**Work to complete**
With pictures left out, set down exactly the lines from the line containing "a bathroom with" through the last line of the data.

[Input records Boundary: Start]

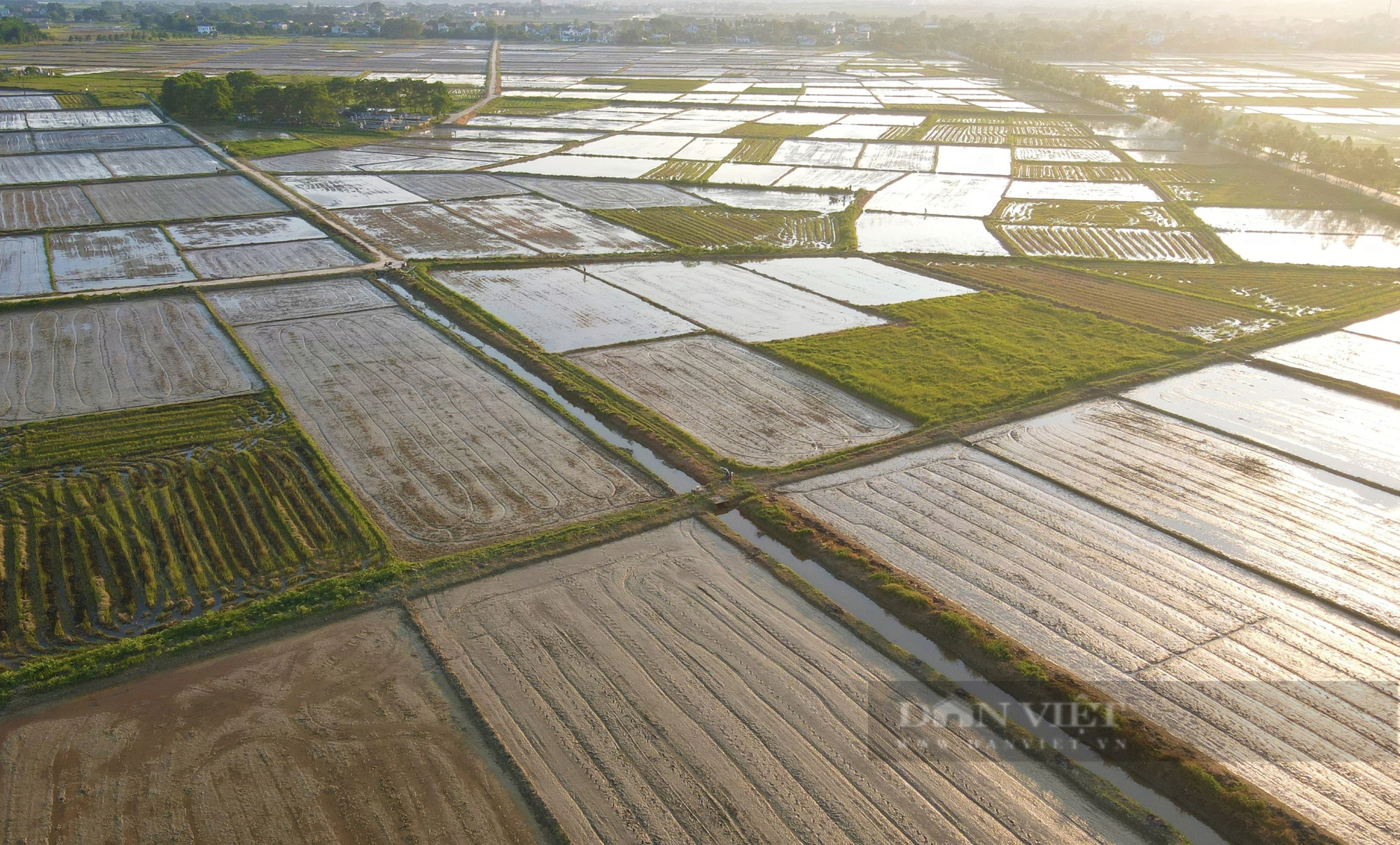 Thợ cấy lúa ở Nghệ An đắt khách, có nơi trả công gần nửa triệu một ngày vẫn khó thuê- Ảnh 9.
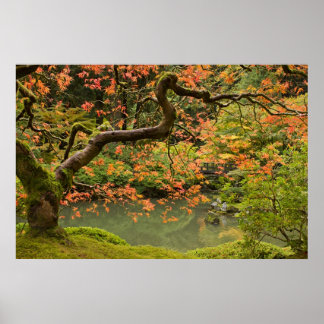 Mapelboom in Portland Oregon Japanse tuinpost Poster
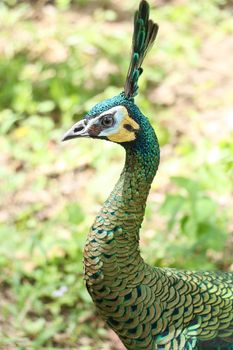 Green peafowl are large birds, amongst the largest living galliforms in terms of overall size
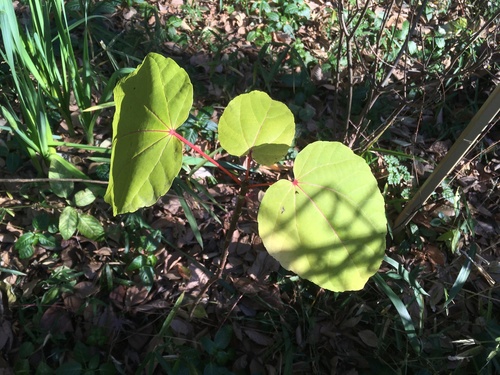 Iigiri (Idesia polycarpa)
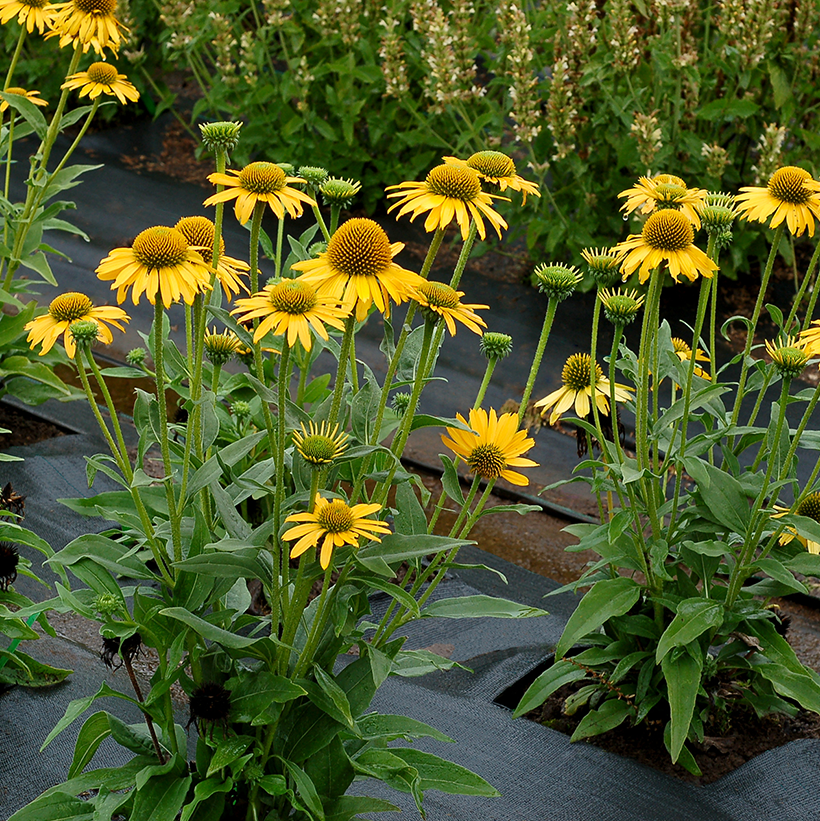 Coneflower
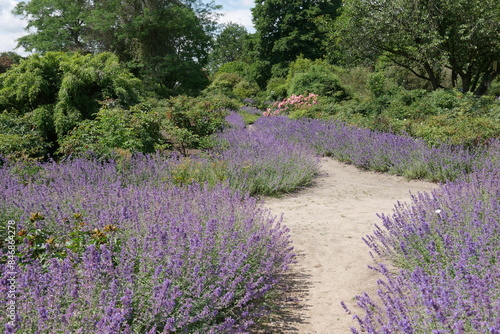 Weg durch Katzenminze im Arboretum Ellerhoop-Thiensen photo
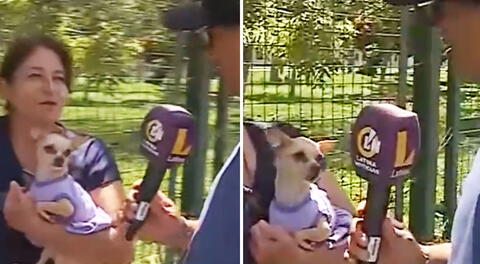 Chihuahua mordió a reportero de Latina en vivo y en redes bromean: "Chiquito pero peligroso"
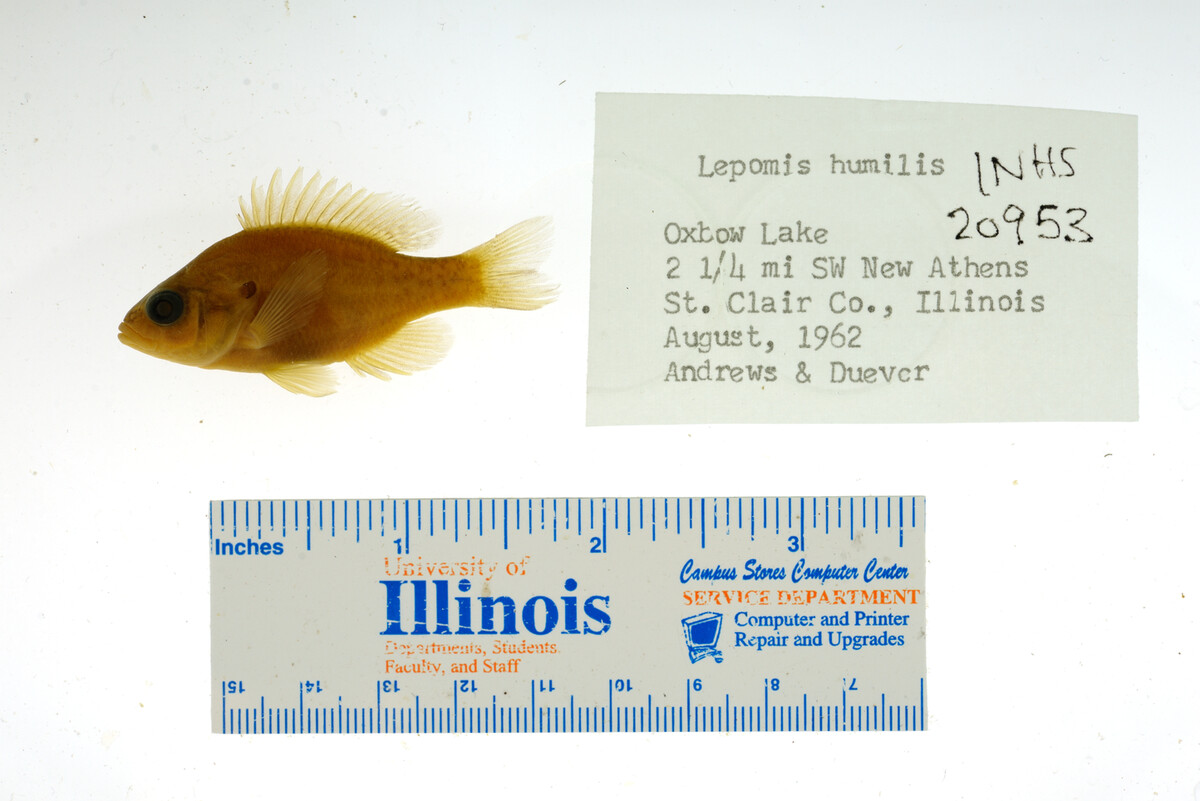 Lepomis image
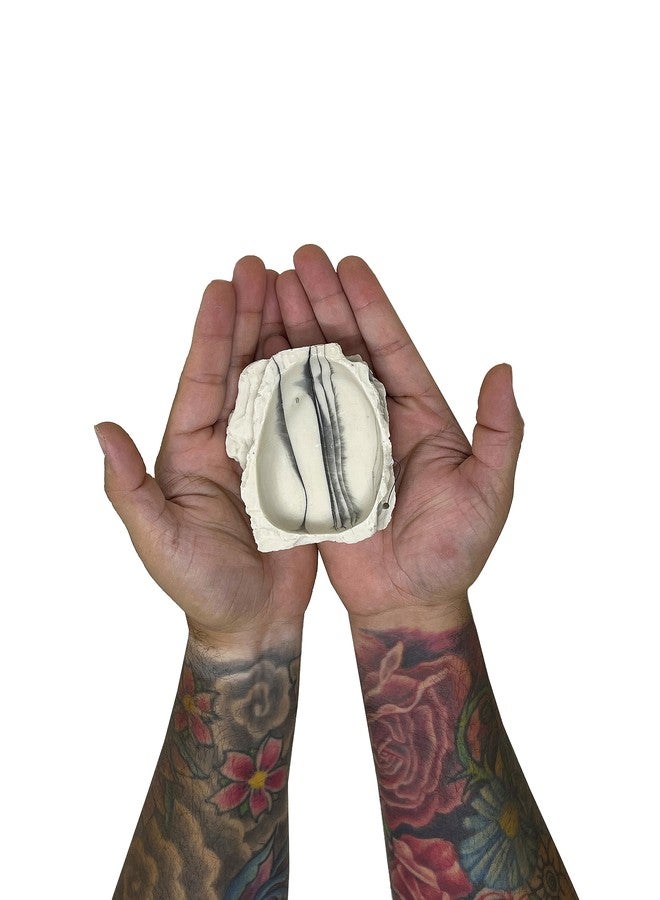 BIODUDE The Bio Dude Small Rock Water Bowl - Looks Natural and Easy to Clean! Great for Small Snakes, Lizards, Frogs and Tarantulas - Image 2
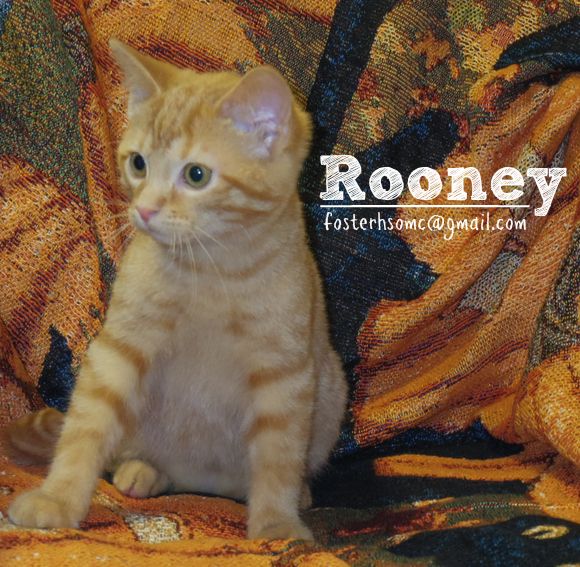 orange tabby cat sex Orange tabby cat sex
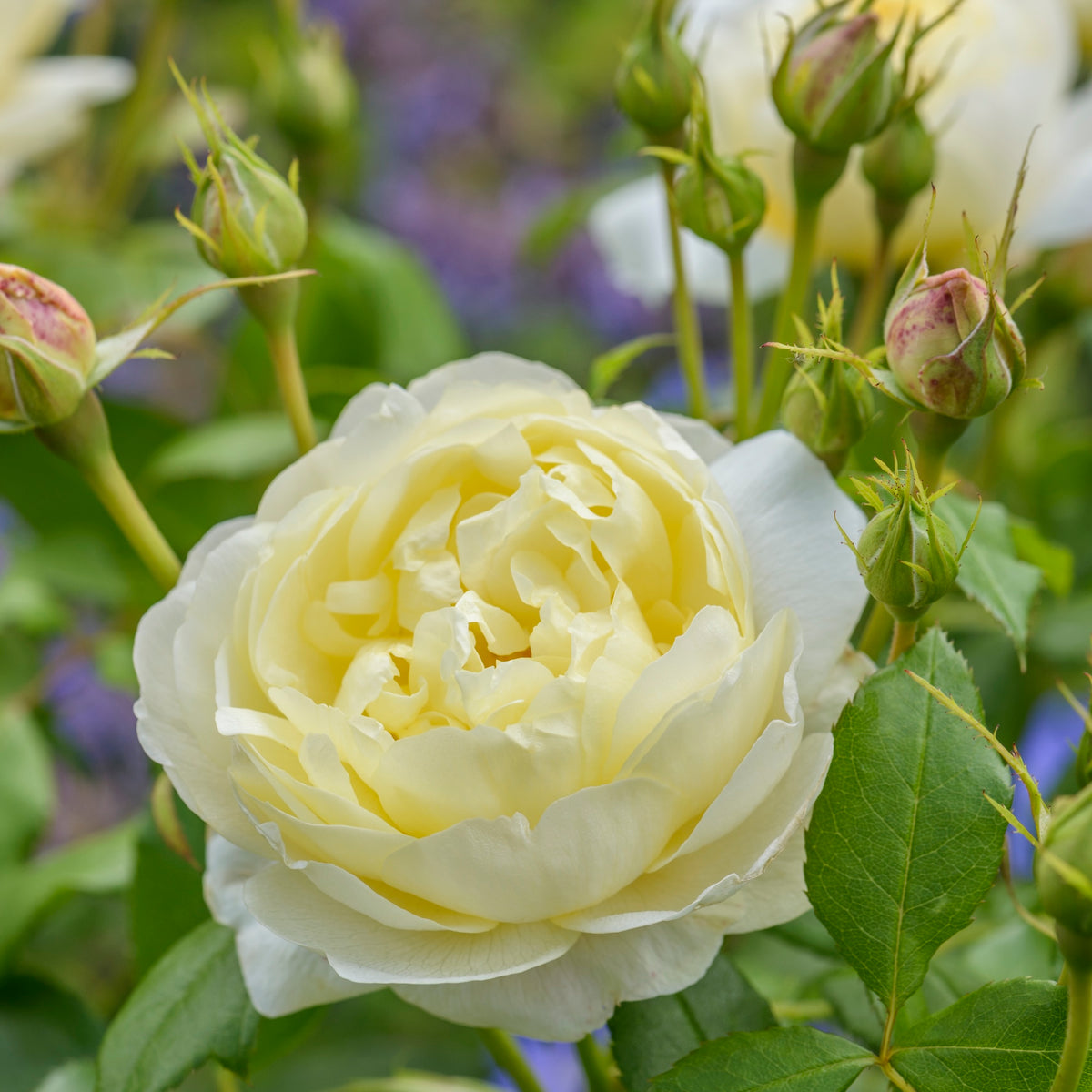 David Austin Bush Rose Vanessa Bell - 20cm Pot – Warran Glen Garden ...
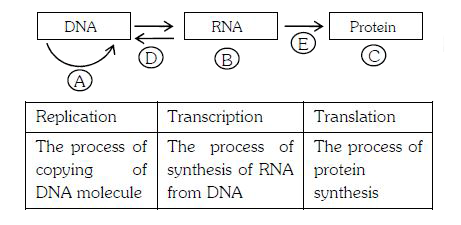 ocr_image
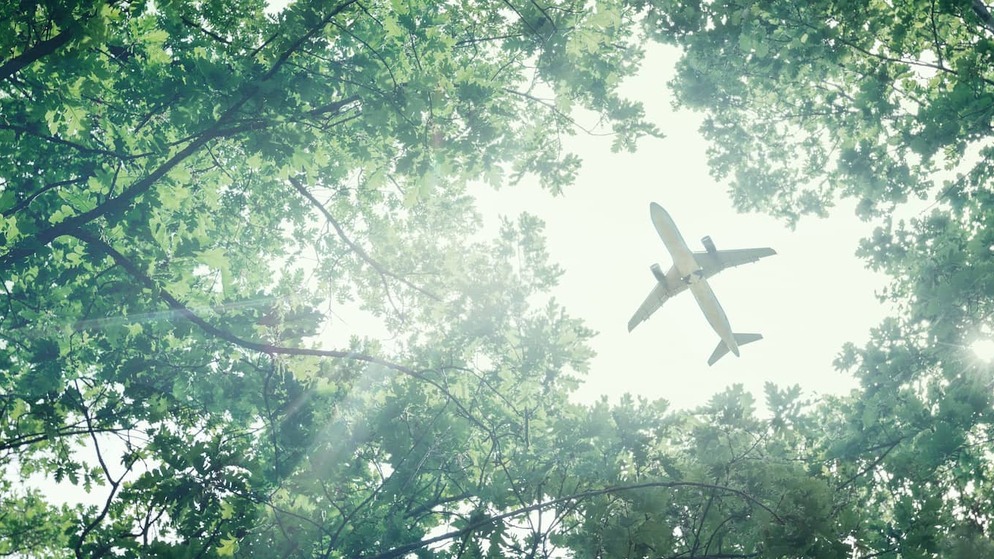 sustainable-travel-plane-trees-shutterstock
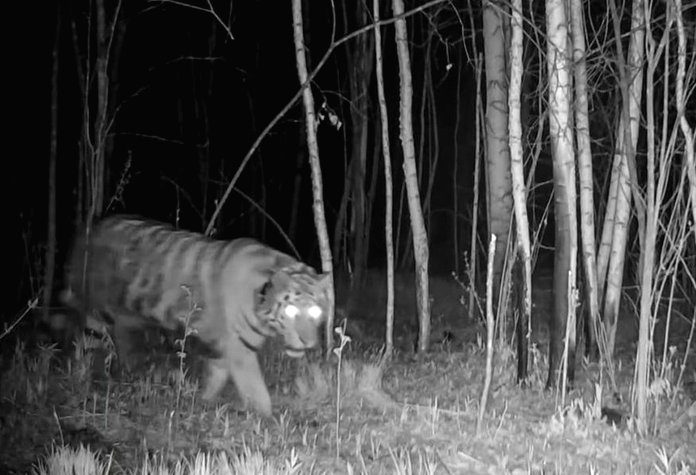 Найдены новые улики в уголовном деле по факту убийства тигра Павлика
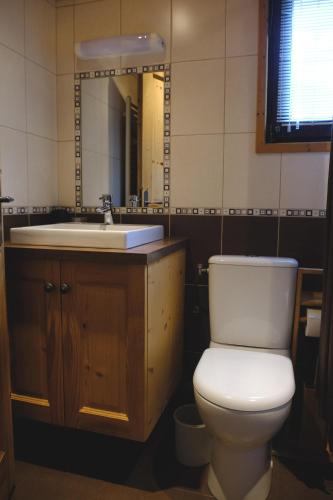 a bathroom with a toilet and a sink and a mirror at Aigles 19 Bajeux Bât 2 in La Clusaz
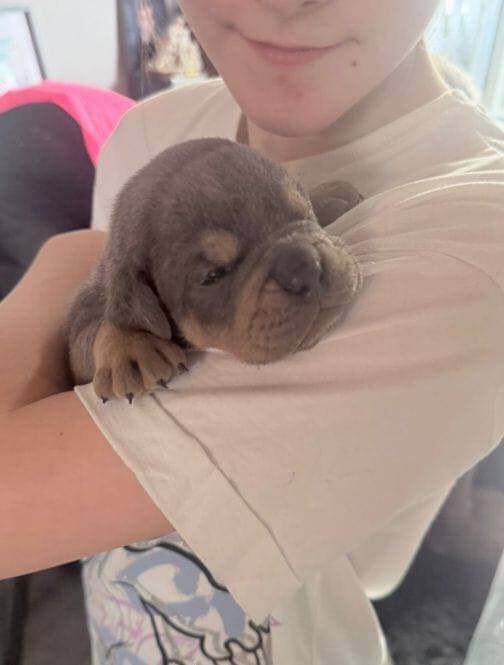 Old English bulldog puppies - Image 3 of 3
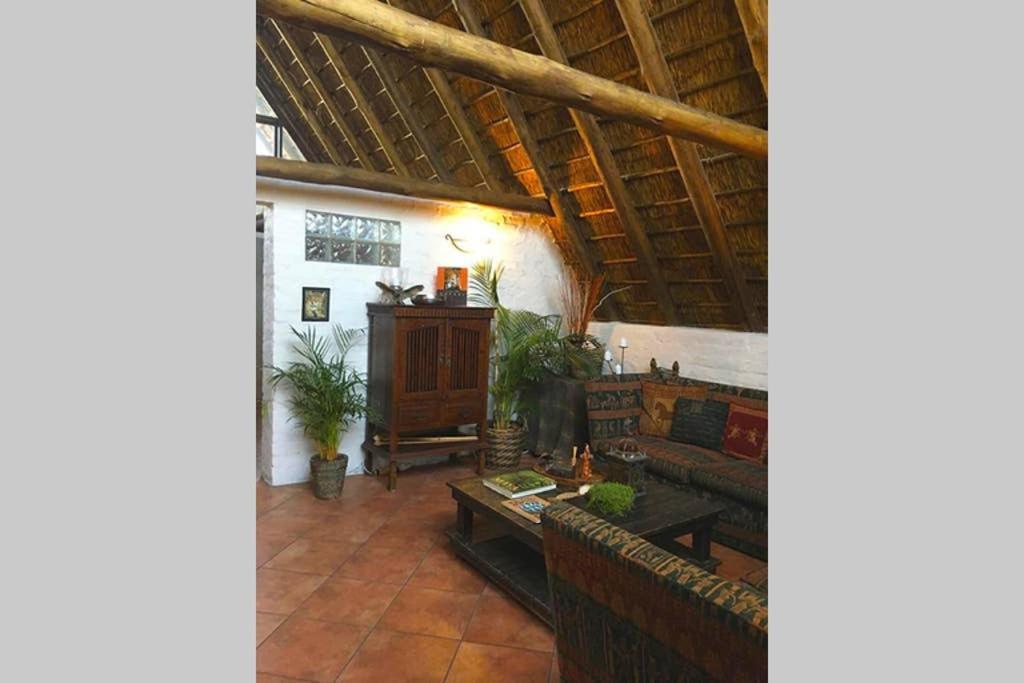 Pantera Lodge & Cheetah Cottage 约翰内斯堡 外观 照片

[Input records Boundary: End]

**Task response**
 a bathroom with a toilet and a sink and a mirror at Aigles 19 Bajeux Bât 2 in La Clusaz
 Old English bulldog puppies - Image 3 of 3
 Pantera Lodge & Cheetah Cottage 约翰内斯堡 外观 照片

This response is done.